But what truly gives away the game is the fact that three selected news organizations were given a substantial head start in viewing the files. This permitted the three organizations to enjoy the prestige of breaking the story and to set the terms of the debate even before the raw material had been posted online by WikiLeaks.

And what, above all, gives the game away is just which three news organizations have thus been granted the privilege of being WikiLeaks “media partners,” as the site refers to them. In the aftermath of the 9/11 attacks and over the course of the wars in Afghanistan and Iraq, there has developed a well-nigh metaphysical, so to say, dismal view of America and of the logic of American military interventions and counterterror operations. No three international print media organizations have done more to propagate this dismal view than precisely Germany’s Der Spiegel, Britain’s The Guardian, and America’s own New York Times.

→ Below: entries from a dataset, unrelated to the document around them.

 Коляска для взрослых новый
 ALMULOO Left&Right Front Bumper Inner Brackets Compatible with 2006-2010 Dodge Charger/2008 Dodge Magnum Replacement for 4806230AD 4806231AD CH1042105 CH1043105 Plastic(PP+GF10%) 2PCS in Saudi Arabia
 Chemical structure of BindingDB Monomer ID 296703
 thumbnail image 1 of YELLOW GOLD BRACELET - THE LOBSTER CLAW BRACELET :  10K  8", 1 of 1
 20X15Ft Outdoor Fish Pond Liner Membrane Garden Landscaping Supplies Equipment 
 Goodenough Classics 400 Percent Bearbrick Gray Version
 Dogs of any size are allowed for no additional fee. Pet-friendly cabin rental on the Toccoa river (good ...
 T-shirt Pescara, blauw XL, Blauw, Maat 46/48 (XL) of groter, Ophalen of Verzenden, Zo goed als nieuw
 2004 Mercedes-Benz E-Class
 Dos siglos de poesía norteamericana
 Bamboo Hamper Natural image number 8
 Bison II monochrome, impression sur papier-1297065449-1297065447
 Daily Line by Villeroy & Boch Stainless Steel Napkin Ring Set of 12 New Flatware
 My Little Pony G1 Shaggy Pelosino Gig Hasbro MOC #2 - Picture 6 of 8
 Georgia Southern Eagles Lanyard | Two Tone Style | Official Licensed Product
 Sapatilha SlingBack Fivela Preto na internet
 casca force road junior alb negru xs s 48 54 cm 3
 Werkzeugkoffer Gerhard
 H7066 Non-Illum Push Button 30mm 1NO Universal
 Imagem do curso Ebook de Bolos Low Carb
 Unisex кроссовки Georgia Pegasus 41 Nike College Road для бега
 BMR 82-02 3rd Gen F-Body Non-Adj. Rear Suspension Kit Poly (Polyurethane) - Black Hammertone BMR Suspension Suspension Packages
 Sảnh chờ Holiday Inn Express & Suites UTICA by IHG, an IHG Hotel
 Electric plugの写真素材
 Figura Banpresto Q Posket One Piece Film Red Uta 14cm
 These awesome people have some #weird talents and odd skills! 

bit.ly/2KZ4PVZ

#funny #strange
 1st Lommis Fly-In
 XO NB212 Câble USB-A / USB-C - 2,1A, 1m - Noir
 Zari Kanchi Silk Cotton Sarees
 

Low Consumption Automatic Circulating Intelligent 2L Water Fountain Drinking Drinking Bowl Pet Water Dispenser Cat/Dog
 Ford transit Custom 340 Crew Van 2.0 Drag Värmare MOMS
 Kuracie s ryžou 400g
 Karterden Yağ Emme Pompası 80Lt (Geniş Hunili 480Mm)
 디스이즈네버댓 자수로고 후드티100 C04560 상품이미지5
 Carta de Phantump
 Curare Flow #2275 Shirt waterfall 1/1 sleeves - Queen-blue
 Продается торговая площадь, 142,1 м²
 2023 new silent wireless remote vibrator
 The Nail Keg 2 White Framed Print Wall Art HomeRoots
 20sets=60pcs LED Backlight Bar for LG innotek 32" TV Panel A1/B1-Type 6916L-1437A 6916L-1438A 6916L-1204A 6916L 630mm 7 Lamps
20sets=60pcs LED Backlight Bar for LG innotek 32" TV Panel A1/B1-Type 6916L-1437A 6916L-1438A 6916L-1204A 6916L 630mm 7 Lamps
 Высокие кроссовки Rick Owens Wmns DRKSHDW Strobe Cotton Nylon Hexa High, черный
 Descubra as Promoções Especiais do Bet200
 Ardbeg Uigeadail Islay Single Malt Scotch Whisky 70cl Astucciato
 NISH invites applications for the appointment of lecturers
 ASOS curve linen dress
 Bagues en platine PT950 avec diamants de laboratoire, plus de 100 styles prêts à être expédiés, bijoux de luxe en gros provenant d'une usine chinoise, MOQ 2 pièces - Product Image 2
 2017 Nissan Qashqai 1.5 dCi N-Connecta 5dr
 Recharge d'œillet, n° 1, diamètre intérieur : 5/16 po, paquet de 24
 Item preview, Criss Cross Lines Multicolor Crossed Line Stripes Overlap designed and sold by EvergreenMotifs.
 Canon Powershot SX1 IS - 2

It was, after all, none other than Der Spiegel that in January 2003, before the Iraq War had even started, published a spectacular cover story on the impending American invasion under the apodictic title “Blood for Oil.” The phrase was the Spiegel editors’ clever riff on the slogan of the German street protests opposing the first Iraq War twelve years earlier: “No Blood for Oil.” The editors did not even feel the need to add a question mark. The knowing subtitle read: “What [the intervention in] Iraq is really about.” The ostensible reasons, of course, simply could not be true. (For numerous further examples of Der Spiegel’s propagation of the dismal view, see the Der Spiegel archive of the regrettably now largely inactive German media watch blog Medienkritik.)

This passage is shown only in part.